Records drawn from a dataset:

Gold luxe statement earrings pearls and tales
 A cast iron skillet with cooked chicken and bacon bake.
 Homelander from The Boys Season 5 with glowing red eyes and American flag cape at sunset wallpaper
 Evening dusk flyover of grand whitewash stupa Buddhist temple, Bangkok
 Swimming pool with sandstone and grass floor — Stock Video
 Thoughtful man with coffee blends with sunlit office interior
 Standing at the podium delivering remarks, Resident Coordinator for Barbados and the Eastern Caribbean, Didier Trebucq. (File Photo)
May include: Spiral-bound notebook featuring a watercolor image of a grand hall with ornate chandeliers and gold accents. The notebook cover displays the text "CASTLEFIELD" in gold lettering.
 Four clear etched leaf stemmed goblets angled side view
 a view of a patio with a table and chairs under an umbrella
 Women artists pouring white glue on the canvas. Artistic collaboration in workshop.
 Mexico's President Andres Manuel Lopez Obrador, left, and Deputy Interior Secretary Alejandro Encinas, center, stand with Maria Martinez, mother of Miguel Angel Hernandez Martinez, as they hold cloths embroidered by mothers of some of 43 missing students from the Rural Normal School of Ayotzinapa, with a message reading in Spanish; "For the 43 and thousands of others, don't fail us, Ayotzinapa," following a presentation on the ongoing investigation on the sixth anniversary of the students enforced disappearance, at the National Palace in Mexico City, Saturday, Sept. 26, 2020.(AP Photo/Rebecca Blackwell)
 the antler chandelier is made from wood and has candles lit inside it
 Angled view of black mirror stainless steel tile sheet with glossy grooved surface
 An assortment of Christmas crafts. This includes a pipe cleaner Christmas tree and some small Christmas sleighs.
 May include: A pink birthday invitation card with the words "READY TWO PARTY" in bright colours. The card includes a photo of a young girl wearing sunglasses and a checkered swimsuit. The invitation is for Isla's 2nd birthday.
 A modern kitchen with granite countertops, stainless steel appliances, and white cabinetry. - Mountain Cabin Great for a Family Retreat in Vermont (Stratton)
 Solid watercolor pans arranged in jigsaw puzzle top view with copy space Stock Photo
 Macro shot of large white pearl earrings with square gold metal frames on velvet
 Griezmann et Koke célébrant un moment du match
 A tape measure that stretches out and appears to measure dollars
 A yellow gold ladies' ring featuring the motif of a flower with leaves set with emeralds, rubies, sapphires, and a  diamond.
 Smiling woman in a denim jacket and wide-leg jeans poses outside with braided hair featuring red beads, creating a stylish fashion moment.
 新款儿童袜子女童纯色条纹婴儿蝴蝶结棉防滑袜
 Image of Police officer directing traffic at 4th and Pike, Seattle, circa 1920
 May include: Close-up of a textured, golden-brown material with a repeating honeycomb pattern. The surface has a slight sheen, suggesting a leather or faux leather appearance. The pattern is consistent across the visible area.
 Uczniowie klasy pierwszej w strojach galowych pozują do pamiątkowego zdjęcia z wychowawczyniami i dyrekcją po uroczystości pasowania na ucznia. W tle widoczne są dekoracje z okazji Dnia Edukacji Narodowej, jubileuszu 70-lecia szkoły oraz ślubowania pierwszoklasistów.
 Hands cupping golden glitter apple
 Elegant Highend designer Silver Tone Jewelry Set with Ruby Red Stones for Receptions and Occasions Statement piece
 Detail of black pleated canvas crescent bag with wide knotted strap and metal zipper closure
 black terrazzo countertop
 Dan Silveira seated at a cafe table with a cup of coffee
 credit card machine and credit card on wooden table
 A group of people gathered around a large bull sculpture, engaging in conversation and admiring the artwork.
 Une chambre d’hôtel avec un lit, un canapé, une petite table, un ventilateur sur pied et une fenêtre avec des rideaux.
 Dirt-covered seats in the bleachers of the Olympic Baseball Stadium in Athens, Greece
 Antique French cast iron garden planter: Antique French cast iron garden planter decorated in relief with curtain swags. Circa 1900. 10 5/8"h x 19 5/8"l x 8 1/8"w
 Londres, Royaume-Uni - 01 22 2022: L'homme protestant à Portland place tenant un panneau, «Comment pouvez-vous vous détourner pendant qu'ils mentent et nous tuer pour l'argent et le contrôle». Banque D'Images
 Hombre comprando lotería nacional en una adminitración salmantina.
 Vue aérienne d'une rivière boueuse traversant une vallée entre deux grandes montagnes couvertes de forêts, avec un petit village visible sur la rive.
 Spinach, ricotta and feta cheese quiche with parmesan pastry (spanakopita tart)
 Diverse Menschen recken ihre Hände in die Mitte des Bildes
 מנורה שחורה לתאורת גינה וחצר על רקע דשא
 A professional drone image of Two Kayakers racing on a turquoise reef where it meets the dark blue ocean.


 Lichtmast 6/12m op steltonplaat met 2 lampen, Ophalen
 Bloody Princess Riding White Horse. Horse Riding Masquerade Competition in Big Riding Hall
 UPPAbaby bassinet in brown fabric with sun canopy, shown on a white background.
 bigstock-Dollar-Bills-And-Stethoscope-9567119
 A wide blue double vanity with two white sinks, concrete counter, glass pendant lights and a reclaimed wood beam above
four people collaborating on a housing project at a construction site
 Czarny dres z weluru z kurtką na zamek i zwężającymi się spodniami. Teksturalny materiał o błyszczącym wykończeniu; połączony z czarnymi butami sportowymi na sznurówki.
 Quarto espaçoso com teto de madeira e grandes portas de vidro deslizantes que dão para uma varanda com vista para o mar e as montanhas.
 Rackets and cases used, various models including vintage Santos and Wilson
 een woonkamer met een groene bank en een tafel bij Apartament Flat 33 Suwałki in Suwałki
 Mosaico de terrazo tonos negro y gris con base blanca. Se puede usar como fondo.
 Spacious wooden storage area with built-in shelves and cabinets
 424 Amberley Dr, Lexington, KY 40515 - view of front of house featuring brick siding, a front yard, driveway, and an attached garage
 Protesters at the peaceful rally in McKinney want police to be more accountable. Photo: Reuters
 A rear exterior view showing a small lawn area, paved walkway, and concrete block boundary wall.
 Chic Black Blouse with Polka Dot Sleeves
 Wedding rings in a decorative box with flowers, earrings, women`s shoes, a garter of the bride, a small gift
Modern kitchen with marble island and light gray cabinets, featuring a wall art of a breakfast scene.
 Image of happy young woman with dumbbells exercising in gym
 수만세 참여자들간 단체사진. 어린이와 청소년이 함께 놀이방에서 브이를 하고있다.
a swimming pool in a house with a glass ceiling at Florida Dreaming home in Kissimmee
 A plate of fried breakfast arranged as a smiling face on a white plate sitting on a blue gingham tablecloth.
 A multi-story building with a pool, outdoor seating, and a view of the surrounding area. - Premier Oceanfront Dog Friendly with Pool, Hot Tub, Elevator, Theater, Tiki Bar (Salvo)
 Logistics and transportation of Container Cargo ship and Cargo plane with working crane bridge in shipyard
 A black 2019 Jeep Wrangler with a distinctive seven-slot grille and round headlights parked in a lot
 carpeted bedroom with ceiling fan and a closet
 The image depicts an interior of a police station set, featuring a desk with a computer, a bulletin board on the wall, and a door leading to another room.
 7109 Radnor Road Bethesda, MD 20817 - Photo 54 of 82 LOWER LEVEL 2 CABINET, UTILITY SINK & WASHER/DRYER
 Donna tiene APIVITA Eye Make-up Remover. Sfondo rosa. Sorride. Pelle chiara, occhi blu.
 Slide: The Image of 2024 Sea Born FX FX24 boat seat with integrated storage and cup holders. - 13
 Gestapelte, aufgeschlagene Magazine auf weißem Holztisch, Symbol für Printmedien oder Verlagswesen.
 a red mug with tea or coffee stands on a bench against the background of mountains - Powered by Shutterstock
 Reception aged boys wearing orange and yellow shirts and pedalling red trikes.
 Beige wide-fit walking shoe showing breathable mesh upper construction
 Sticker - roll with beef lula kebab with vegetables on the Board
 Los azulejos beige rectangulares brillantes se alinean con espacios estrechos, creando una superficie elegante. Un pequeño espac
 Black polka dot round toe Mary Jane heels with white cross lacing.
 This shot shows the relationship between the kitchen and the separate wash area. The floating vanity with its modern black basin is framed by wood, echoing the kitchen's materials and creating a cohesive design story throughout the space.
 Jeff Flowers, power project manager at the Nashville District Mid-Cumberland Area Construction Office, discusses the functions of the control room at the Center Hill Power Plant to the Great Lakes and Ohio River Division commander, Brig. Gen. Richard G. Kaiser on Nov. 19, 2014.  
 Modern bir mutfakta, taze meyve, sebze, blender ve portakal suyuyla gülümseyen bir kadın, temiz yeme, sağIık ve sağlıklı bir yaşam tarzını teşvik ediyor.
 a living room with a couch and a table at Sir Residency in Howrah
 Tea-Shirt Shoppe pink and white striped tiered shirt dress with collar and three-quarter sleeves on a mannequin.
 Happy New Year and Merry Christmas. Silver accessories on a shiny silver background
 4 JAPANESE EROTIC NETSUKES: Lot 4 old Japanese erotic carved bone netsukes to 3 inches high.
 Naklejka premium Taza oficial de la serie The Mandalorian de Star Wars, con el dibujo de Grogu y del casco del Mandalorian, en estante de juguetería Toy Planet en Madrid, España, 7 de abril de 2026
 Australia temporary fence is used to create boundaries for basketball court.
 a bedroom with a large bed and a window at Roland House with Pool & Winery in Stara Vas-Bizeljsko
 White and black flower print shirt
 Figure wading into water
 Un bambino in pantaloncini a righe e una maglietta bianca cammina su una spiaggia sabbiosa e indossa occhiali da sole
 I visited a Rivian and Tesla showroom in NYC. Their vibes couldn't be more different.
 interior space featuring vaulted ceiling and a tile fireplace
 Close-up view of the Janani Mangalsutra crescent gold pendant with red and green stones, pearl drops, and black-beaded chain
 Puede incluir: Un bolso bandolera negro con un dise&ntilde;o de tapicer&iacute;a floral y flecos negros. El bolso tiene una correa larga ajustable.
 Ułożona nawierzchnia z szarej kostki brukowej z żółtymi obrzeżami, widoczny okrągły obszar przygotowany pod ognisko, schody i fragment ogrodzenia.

Task goal:
Only the lines above starting at the one containing "Slide: The Image" and ending at the one containing "Los azulejos beige", both included, are to be returned, exactly as they read.

Solution to this task:
 Slide: The Image of 2024 Sea Born FX FX24 boat seat with integrated storage and cup holders. - 13
 Gestapelte, aufgeschlagene Magazine auf weißem Holztisch, Symbol für Printmedien oder Verlagswesen.
 a red mug with tea or coffee stands on a bench against the background of mountains - Powered by Shutterstock
 Reception aged boys wearing orange and yellow shirts and pedalling red trikes.
 Beige wide-fit walking shoe showing breathable mesh upper construction
 Sticker - roll with beef lula kebab with vegetables on the Board
 Los azulejos beige rectangulares brillantes se alinean con espacios estrechos, creando una superficie elegante. Un pequeño espac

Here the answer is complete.